Graham Reid | | 1 min read
It's a well established fact that some songs write themselves into our autobiographies: we remember our first love by our favourite song, can be taken back to exactly where we were and who we were with when a certain piece of music plays, songs conjure up time and place . . . Talkin' 'bout them Night Moves.
The Classic Hits radio format plays on this fact, and rock'n'roll has become a nostalgia industry with things like the Rock and Roll Hall of Fame and Museum in Cleveland, the Experience Music Project in Seattle and the British Music Experience in London. Among others.

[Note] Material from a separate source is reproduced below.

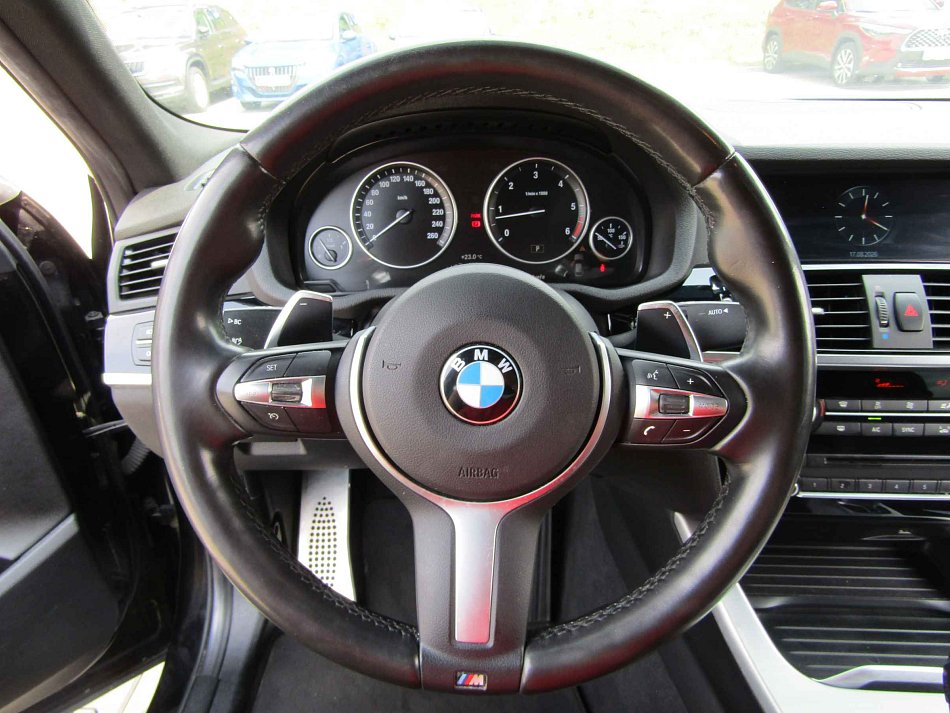 BMW x4 3.0d 230 kW rok 2018, 180 427 km, Česko — foto 14 z 25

As Tom Petty notes in the introduction to The Live Anthology: "That's one amazing thing about music, the way it enters people's worlds to become part of the soundtrack to their lives. Rock Around the Clock, I remember hearing that when I was a kid. We were on a family vacation in Daytona Beach, had a little villa we were staying in.

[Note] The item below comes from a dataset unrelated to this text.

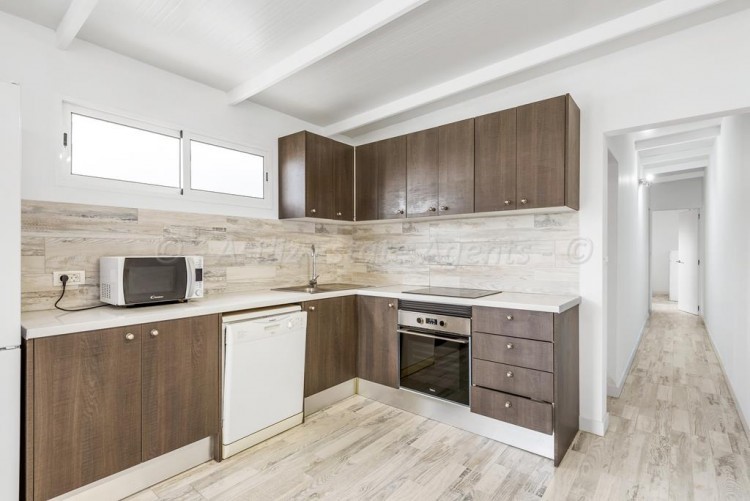 5 bed villa for sale in Chayofa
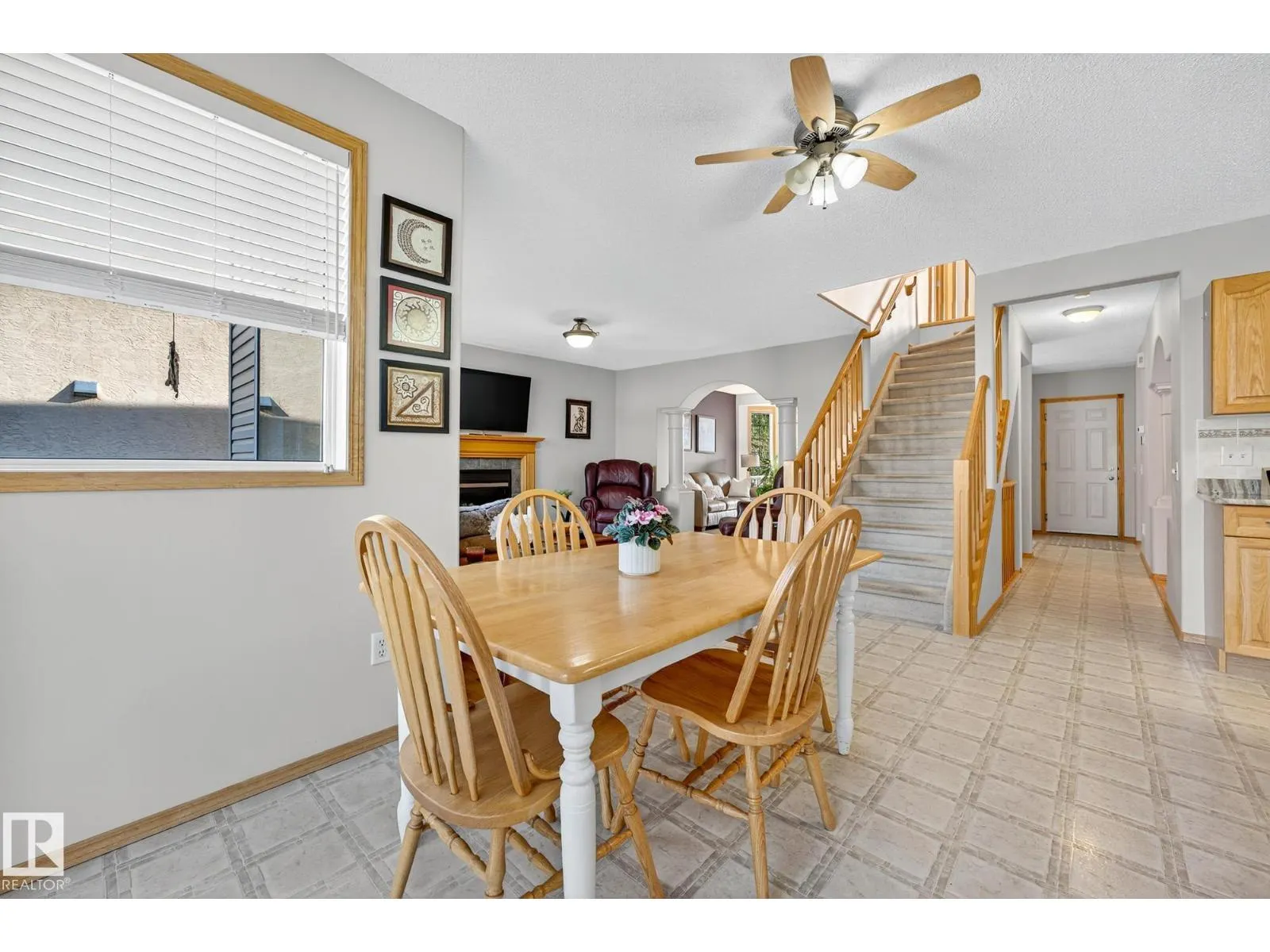 310 HILLIARD CL NW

"I was running around in the grass, just five years old, and I remember hearing, 'One o'clock, two o'clock, three o'clock, rock'. Whenever I hear that song I am transported right back to that weather and the smell of the grass, the colour of the sky. It's amazing what music can do to the senses. "
But what if a song brings back a bad feeling: like the love went sour so every time that song plays you just feel bitterness, anger, disappointment, sadness?
You could argue that listening to classic hits radio can be an unhappy experience as much as cheerful one.
In this terrific song -- first recorded in '62 but again in '70 for the album Spirit in the Dark -- the great Aretha Franklin addresses exactly that problem: don't play that song because it brings back memories: "you lied, you lied, you lied".
Nostalgia ain't what it used to be.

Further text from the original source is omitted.